本記事では、掲載された方々の中から編集部が12名をピックアップし、当時の回答をそのまま紹介します。第10回目に登場するのは、漫画家やグラフィックデザイナーとしても活動されている、水谷さるころさんです。

(連載のまとめはこちらから)

 


水谷さるころ

1976年千葉県生まれ。女子美術短期大学卒業。イラストレーター/グラフィックデザイナー/漫画家。自著では装丁も全て手がけている。旅行記コミック多数。事実婚をしており、婚姻にまつわる著作も多い。趣味は献血と空手(黒帯弐段)。古墳が好き。

Web:https://www.salu-pro.com

 

Q1

2020年代のイラストレーションの変容や拡張、 イラストレーターとしての在り方の変化を感じますか? または、現在具体的に自身の活動で力を入れていることは?

イラストレーターは “他者のメッセージを伝える仕事” であると考えていますが、同時に自分から発信することも必要であると思っています。それゆえに、私自身は現在マンガやコラムの仕事が増えてしまいました。とはいえ、自分が感じる日常の疑問、違和感などを発信することで共感を得て「価値観が近しいので」と依頼されることは多々あります。このSNSが大きな影響力がある時代に、常に受け身にならず、どのようなイメージやメッセージを発信し続けられるかが大事だと思います。ここ5年ほど、週3〜5日は仕事以外でマンガを描いてブログで更新しています。

 

Q2

仕事や自主制作の時に使用する画材や紙、デバイス、ソフトウェアはどういったものですか?

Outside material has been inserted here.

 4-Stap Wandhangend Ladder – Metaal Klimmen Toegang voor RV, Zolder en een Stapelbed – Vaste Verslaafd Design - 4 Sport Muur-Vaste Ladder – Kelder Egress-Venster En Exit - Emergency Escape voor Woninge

Illustrator、Photoshop、CLIP STUDIO(がすべてです)。ワコムの液晶ペンタブレットがメインで、ほぼそれで描いています。サブとしてiPad Proを使用。外出先や旅行先だけでなく、子どもが体調不良などになっても仕事机以外で描けるので重宝しています。

 

Q3

イラストレーションや絵画、デザイン、写真、映像などの視覚表現で、2019年印象に残ったものは?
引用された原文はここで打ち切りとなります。